Fun fact: Most game tester applications have you answer a very similar question in order to test your ability to explain and elaborate on a specific product.

When I was younger I applied for these jobs like crazy and no matter what angle I took the same question I could never get the bloody job. It always went to (and I hope this doesn't look bad) some Mexican that was younger than I.

Thaius:
Gaming is the new evolution in storytelling. It is a way to enter the story, become the protagonist, and experience amazing fictional worlds for yourself. It's a way to put yourself in the shoes of heroes as they do things we could only ever dream of. Video games are the definitive way to experience stories, more engrossing than film, more impacting than literature. Gaming is the future of storytelling.

What about Tetris?

Video games are a challenge put out by a team of computer programmers to see if you can beat them by reaching the end. And every once in a while an alien species will put one out to see if you have the skills needed to help them win some war they are involved in using a simulator disguised as a game.

squid5580:

Thaius:
Gaming is the new evolution in storytelling. It is a way to enter the story, become the protagonist, and experience amazing fictional worlds for yourself. It's a way to put yourself in the shoes of heroes as they do things we could only ever dream of. Video games are the definitive way to experience stories, more engrossing than film, more impacting than literature. Gaming is the future of storytelling.

What about Tetris?

Video games are a challenge put out by a team of computer programmers to see if you can beat them by reaching the end. And every once in a while an alien species will put one out to see if you have the skills needed to help them win some war they are involved in using a simulator disguised as a game.

But I'm assuming we don't have television here. And yes, I chose a role-playing game since I figured we hadn't gotten as far as D&D either. Tetris...Take a board game like chess that is made up of shaped blocks like children play with and have pictures of them where you determine what orientation the picture faces. Then attempt to line up the next picture so that if it overlapped it would start to form a solid line out of the shapes. If you make multiple lines two to four deep in the same area at the same time you score more points. (The thing is, in the past adults did not play with children's toys and would have no idea why anyone would want to do such a thing. But reading showed your intellect and aptitudes. So I would have aimed for a reading reference rather than a puzzle game. But perhaps describing it as putting together a picture puzzle with lit pictures would have worked. Hmmm.)

Gyrefalcon:

squid5580:

Thaius:
Gaming is the new evolution in storytelling. It is a way to enter the story, become the protagonist, and experience amazing fictional worlds for yourself.
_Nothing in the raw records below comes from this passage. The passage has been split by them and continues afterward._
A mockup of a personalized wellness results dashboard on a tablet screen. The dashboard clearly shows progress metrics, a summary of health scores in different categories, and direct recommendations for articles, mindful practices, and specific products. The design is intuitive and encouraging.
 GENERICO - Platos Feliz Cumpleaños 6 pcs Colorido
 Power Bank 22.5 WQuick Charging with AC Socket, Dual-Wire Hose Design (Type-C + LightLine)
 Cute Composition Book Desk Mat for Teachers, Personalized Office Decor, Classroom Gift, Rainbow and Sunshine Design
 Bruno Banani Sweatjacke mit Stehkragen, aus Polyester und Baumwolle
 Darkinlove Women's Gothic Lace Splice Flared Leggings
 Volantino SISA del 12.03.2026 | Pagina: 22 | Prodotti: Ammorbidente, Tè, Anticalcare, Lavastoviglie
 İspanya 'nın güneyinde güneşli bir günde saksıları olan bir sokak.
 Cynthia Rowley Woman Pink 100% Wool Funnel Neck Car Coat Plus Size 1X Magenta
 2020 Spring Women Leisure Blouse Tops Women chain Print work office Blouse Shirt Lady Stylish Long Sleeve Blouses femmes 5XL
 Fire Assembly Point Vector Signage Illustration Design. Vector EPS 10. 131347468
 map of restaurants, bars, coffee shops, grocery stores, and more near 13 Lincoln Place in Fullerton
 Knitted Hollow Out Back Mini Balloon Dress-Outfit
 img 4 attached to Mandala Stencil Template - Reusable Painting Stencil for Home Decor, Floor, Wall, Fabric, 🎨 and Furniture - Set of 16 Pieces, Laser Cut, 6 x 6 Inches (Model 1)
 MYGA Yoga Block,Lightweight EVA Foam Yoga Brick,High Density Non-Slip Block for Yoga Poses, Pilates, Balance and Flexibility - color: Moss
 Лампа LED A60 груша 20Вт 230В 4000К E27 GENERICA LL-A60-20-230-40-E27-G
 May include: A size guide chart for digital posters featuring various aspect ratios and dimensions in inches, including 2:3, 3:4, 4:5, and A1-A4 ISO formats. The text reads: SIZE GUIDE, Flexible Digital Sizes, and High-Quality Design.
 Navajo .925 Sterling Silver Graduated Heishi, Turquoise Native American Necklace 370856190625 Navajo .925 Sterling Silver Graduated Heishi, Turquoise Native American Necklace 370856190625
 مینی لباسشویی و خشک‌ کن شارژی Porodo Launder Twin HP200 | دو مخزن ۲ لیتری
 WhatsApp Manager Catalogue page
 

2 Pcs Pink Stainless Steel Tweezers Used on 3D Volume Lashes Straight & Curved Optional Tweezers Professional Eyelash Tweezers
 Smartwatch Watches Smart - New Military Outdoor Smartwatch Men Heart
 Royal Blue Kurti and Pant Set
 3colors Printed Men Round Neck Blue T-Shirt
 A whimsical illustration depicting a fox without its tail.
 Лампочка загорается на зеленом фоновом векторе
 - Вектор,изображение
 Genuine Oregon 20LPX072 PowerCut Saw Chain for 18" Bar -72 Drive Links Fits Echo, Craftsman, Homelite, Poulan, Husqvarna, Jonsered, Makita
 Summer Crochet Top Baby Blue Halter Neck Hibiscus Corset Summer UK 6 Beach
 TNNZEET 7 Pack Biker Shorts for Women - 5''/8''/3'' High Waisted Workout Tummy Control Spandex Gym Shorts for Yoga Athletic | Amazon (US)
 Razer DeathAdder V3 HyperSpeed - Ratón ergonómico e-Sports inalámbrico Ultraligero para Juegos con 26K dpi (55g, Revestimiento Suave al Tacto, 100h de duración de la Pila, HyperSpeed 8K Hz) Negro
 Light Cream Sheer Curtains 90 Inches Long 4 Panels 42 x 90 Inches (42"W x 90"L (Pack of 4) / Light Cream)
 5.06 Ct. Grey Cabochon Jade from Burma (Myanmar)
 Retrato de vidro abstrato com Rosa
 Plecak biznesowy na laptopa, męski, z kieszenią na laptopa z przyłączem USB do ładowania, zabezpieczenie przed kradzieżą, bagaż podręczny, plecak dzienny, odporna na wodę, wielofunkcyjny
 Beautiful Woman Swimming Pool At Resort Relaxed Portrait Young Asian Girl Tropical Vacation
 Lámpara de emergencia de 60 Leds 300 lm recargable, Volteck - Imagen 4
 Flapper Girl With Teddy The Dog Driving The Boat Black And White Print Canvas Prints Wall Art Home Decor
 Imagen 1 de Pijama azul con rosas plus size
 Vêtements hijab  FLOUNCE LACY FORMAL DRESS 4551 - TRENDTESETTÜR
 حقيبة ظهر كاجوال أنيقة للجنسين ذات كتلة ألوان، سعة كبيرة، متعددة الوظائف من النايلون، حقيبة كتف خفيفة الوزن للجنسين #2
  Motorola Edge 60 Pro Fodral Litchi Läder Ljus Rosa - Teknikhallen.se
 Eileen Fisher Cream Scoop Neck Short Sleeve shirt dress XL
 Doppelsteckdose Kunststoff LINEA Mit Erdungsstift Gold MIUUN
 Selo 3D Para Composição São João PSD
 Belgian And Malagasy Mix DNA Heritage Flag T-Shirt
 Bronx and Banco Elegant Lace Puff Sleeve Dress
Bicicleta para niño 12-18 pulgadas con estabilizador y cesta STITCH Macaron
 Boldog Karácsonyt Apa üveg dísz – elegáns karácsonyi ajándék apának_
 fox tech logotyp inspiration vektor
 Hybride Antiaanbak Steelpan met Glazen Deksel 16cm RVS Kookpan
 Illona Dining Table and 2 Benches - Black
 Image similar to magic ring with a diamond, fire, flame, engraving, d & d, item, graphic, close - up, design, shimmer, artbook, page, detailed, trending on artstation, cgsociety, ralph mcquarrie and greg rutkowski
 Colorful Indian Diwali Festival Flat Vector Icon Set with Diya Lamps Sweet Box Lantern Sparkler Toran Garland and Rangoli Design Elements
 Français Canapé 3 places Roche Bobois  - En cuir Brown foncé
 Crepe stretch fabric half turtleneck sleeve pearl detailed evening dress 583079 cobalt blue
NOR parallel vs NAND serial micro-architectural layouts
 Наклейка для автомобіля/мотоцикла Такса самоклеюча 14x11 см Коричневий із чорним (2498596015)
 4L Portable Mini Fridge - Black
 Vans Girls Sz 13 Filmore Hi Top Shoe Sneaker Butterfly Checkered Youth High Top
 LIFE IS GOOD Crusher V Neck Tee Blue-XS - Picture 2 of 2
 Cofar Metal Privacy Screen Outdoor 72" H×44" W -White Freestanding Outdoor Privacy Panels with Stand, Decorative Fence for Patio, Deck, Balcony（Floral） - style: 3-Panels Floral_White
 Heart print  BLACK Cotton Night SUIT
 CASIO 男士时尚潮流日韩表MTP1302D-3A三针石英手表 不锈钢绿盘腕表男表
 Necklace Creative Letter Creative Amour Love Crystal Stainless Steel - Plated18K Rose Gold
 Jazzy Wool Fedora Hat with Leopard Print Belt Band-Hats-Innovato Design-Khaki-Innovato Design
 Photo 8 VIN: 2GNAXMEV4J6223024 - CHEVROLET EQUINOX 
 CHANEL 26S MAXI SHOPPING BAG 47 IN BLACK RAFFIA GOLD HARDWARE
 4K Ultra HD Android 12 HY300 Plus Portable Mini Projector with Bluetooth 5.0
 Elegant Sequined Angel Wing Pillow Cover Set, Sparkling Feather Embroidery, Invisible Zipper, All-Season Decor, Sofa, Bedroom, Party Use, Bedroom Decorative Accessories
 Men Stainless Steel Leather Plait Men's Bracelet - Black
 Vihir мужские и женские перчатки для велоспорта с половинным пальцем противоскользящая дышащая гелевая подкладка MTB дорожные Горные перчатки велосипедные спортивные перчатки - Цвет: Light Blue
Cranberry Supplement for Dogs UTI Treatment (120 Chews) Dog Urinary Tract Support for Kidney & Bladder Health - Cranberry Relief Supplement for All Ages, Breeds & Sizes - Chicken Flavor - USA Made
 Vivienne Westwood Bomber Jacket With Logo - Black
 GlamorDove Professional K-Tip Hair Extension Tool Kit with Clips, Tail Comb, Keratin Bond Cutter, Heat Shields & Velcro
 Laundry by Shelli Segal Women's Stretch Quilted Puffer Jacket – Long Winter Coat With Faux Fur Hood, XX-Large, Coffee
It's a way to put yourself in the shoes of heroes as they do things we could only ever dream of. Video games are the definitive way to experience stories, more engrossing than film, more impacting than literature. Gaming is the future of storytelling.

What about Tetris?

Video games are a challenge put out by a team of computer programmers to see if you can beat them by reaching the end. And every once in a while an alien species will put one out to see if you have the skills needed to help them win some war they are involved in using a simulator disguised as a game.

But I'm assuming we don't have television here. And yes, I chose a role-playing game since I figured we hadn't gotten as far as D&D either. Tetris...Take a board game like chess that is made up of shaped blocks like children play with and have pictures of them where you determine what orientation the picture faces. Then attempt to line up the next picture so that if it overlapped it would start to form a solid line out of the shapes. If you make multiple lines two to four deep in the same area at the same time you score more points. (The thing is, in the past adults did not play with children's toys and would have no idea why anyone would want to do such a thing. But reading showed your intellect and aptitudes. So I would have aimed for a reading reference rather than a puzzle game. But perhaps describing it as putting together a picture puzzle with lit pictures would have worked. Hmmm.)

I think you misunderstood me. I mentioned Tetris because of the post I quoted about story, becoming the protagonist blah blah blah which is not the entirety of gaming. Or even begin to fairly describe gaming to one who has just landed on the planet (or was thawed out or whatever happened). A game doesn't need to be an interactive story to be a game.

Video Games are simply an interactive entertainment medium. They are usually viewed on a television screen and are manipulated by the "player" using some form of hand held controller. They usually tell a story, but don't necessarily have to, and are "played" by 1 or more people and vary in interactivity. Some have a set story that you are simply destined to carry out, while others' outcomes are changed depending upon your in-game choices.
A large portion of the success of these games is the continuity factor of the realism. Meaning that since the entire game is completely fabricated, a game where you sit around drinking tea chatting with your friends and a game where you can fly, time-travel, and are immortal would both be considered as entirely plausible. The depth of the game is simply limited to the developers' (the people that create games) imaginations and artistic ability.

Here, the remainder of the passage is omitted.